Canadian Manufacturing

Unifor takes over Northstar Aerospace manufacturing plant in Milton, Ont.

by Canadian Staff   

Canadian Manufacturing
Financing Human Resources Manufacturing Operations Supply Chain Technology / IIoT Aerospace

Union members and supporters have set up a picket line outside the facility and vowed to demonstrate around the clock

The union set up a picket line at the Milton, Ont. plant at 4 a.m. Aug. 10. PHOTO: Jerry Dias/Twitter

MILTON, Ont.—Unifor has taken control of the Northstar Aerospace facility in Milton, Ont., demanding that the company fund a 24 per cent pension deficit before the plant closes in September.

The union said the move follows an abrupt Northstar decision to relocate equipment at the Milton facility to Chicago and Windsor, Ont., as a result of a lost Boeing contract.

“This action sends a clear message to Northstar that the company cannot short-change workers and the pension of retirees that have made it profitable for so many years,” said Jerry Dias, Unifor’s national president.

While losing the contract makes avoiding closure difficult, the union said there is no financial excuse not to supplement the pension plan in order to protect future and current retirees.
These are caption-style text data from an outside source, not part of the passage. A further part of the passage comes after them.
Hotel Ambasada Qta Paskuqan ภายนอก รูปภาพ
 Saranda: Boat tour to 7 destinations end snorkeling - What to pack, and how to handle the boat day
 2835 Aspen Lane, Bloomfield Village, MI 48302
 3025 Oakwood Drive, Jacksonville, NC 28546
The plant’s impending closure came as a surprise to the facility’s 200 employees. Prior to the announcement, Northstar workers were told that the Milton operation was on solid footing, Unifor said.
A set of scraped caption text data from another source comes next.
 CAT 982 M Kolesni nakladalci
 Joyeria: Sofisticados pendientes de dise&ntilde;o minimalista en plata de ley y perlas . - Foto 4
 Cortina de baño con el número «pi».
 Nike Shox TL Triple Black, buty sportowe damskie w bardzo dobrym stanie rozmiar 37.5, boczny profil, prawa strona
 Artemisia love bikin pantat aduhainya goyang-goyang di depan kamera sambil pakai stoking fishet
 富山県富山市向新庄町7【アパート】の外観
Northstar, which builds a range of gears, shafts, and rotor heads at the Milton plant, previously filed for protection under Chapter 11 in the U.S. and Companies’ Creditors Arrangement Act in Canada in 2012, but was acquired by private equity firm Wynnchurch Capital several months later.

Since January 2017, the union’s Local 112 has attempted to negotiate a closure agreement to protect current pension provisions and benefits, but Unifor alleges Northstar’s owners won’t talk.
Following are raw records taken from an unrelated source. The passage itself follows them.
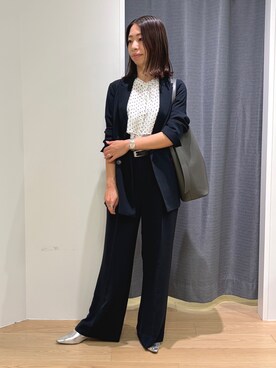「INDIVI（インディヴィ）の【洗える／多機能／SETUP可】着る日傘ダブルジャケット（テーラードジャケット、ブルー系）」を使った、Mikoさん（レディース・157cm）の春コーディネート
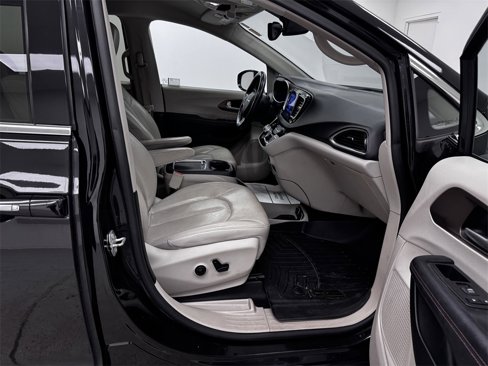 Used 2017 Chrysler Pacifica Touring-L Plus image 14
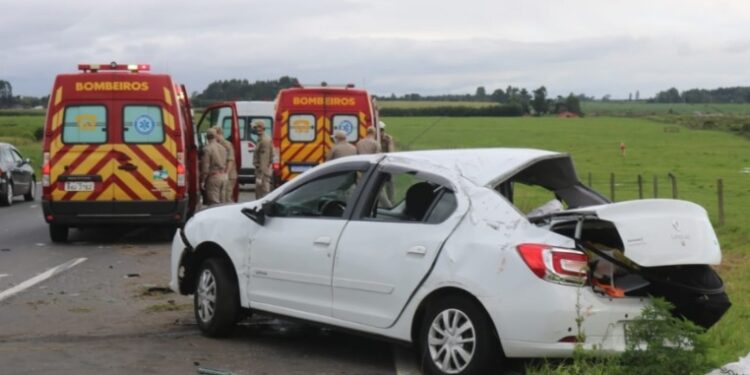 Acidente na BR-376 causa morte de idosa e criança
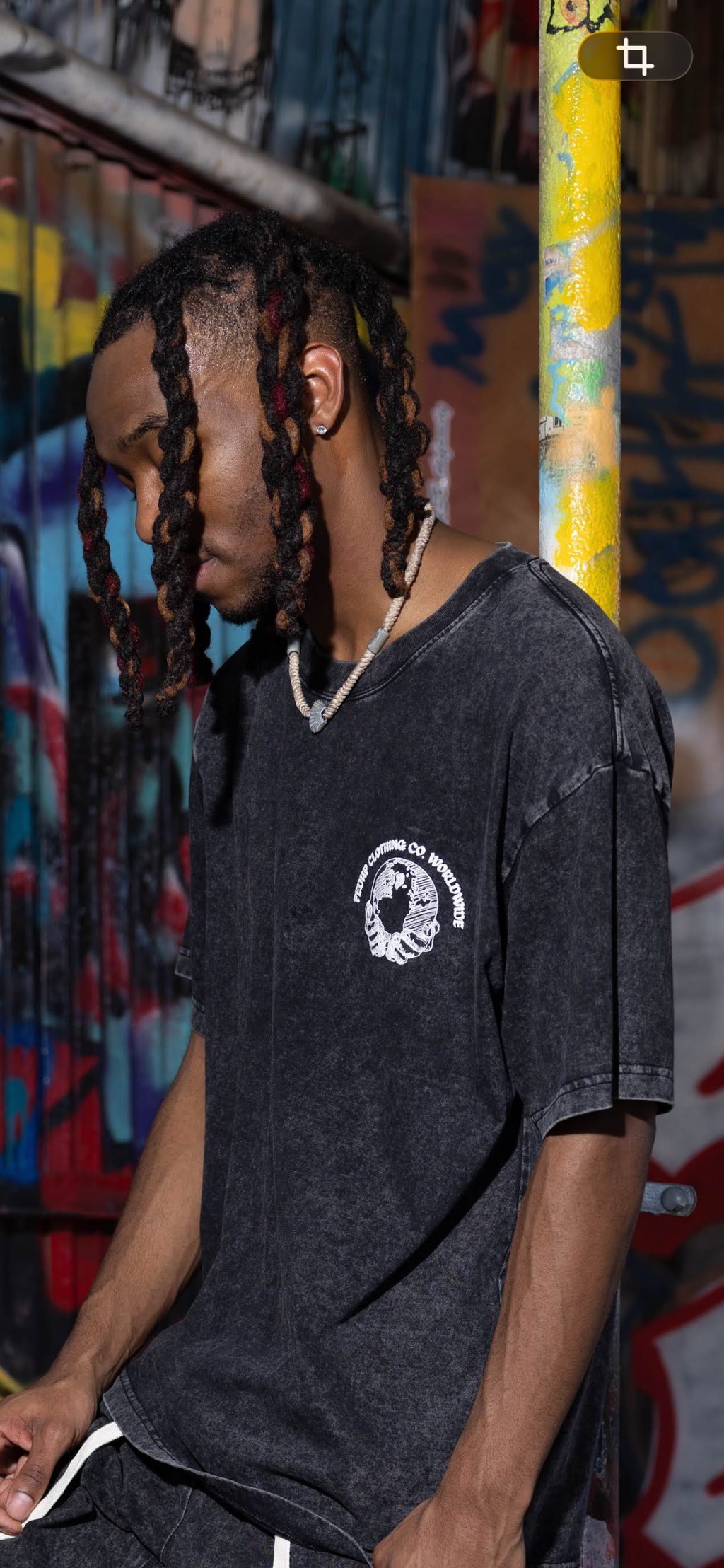 “FEDUP IS THE WORLD” BLACK TEE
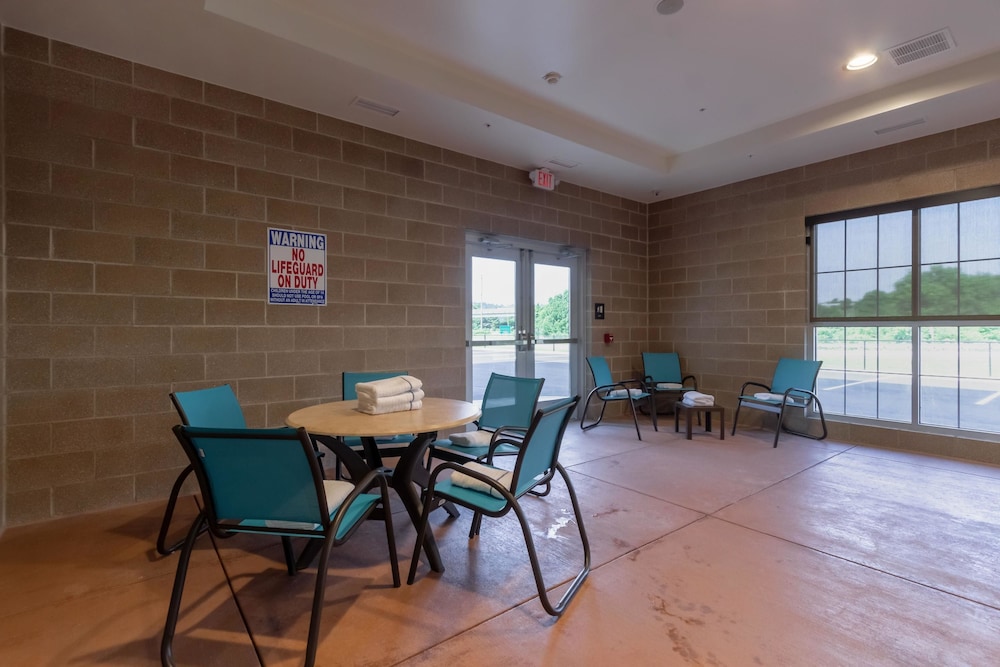Comfort Inn & Suites - Harrisburg Airport - Hershey South 44/48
“We have stopped production at this facility until Northstar holds up its end of a commitment, a commitment to the workers who have made this company flourish,” said Scott McIlmoyle, president of Unifor Local 112. “After months the company has refused to discuss the matter. Time is running out. Northstar needs to do the right thing.”

The union says the 24 per cent pension cut translates to $211 less per month for the average retiree. However, because of the type of pension plan in place, the company is under no legislative obligation to fund the plan.

Unifor members and supporters set up a picket line outside the facility at 4 a.m. Aug. 10 and have vowed to demonstrate around the clock.